● **GIVEN RECORDS**:
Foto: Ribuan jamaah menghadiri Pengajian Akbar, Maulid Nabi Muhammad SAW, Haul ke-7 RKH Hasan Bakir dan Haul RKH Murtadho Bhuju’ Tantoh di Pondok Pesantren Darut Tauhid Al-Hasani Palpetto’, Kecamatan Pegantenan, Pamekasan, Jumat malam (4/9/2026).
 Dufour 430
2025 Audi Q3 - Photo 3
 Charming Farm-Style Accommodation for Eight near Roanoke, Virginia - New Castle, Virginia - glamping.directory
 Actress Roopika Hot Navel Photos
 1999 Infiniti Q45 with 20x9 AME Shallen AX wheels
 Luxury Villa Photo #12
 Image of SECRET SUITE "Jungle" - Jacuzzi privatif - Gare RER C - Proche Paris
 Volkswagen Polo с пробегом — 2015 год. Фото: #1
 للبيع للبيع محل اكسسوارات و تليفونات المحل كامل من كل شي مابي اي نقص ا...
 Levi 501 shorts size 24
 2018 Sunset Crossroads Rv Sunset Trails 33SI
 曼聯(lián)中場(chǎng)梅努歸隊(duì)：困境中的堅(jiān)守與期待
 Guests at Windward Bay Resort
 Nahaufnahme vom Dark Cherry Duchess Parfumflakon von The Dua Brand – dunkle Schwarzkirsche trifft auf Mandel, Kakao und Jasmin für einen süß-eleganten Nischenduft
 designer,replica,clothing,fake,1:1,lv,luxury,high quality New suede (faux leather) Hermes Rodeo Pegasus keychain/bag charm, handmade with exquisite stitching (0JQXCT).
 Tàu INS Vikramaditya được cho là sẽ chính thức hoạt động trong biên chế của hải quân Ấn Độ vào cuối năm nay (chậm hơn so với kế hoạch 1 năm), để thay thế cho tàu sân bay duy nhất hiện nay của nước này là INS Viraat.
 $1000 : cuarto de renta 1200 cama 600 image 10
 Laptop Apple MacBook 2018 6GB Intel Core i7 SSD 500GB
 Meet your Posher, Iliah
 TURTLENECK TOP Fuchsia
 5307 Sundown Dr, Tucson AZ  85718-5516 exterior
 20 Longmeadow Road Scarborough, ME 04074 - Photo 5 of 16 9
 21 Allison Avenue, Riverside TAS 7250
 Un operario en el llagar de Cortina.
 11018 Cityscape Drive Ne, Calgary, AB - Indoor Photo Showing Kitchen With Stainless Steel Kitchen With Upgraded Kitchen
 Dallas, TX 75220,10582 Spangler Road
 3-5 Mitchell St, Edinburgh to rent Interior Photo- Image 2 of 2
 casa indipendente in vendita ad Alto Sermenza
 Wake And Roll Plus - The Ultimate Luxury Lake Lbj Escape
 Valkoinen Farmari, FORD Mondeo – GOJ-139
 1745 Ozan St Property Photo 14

● **YOUR GOAL**:
Nothing should appear in the answer except the lines above from the line with "Image of SECRET" through the line with "Valkoinen Farmari, FORD Mondeo – GOJ-139", both included, written out exactly.

● **TASK OUTPUT**:
 Image of SECRET SUITE "Jungle" - Jacuzzi privatif - Gare RER C - Proche Paris
 Volkswagen Polo с пробегом — 2015 год. Фото: #1
 للبيع للبيع محل اكسسوارات و تليفونات المحل كامل من كل شي مابي اي نقص ا...
 Levi 501 shorts size 24
 2018 Sunset Crossroads Rv Sunset Trails 33SI
 曼聯(lián)中場(chǎng)梅努歸隊(duì)：困境中的堅(jiān)守與期待
 Guests at Windward Bay Resort
 Nahaufnahme vom Dark Cherry Duchess Parfumflakon von The Dua Brand – dunkle Schwarzkirsche trifft auf Mandel, Kakao und Jasmin für einen süß-eleganten Nischenduft
 designer,replica,clothing,fake,1:1,lv,luxury,high quality New suede (faux leather) Hermes Rodeo Pegasus keychain/bag charm, handmade with exquisite stitching (0JQXCT).
 Tàu INS Vikramaditya được cho là sẽ chính thức hoạt động trong biên chế của hải quân Ấn Độ vào cuối năm nay (chậm hơn so với kế hoạch 1 năm), để thay thế cho tàu sân bay duy nhất hiện nay của nước này là INS Viraat.
 $1000 : cuarto de renta 1200 cama 600 image 10
 Laptop Apple MacBook 2018 6GB Intel Core i7 SSD 500GB
 Meet your Posher, Iliah
 TURTLENECK TOP Fuchsia
 5307 Sundown Dr, Tucson AZ  85718-5516 exterior
 20 Longmeadow Road Scarborough, ME 04074 - Photo 5 of 16 9
 21 Allison Avenue, Riverside TAS 7250
 Un operario en el llagar de Cortina.
 11018 Cityscape Drive Ne, Calgary, AB - Indoor Photo Showing Kitchen With Stainless Steel Kitchen With Upgraded Kitchen
 Dallas, TX 75220,10582 Spangler Road
 3-5 Mitchell St, Edinburgh to rent Interior Photo- Image 2 of 2
 casa indipendente in vendita ad Alto Sermenza
 Wake And Roll Plus - The Ultimate Luxury Lake Lbj Escape
 Valkoinen Farmari, FORD Mondeo – GOJ-139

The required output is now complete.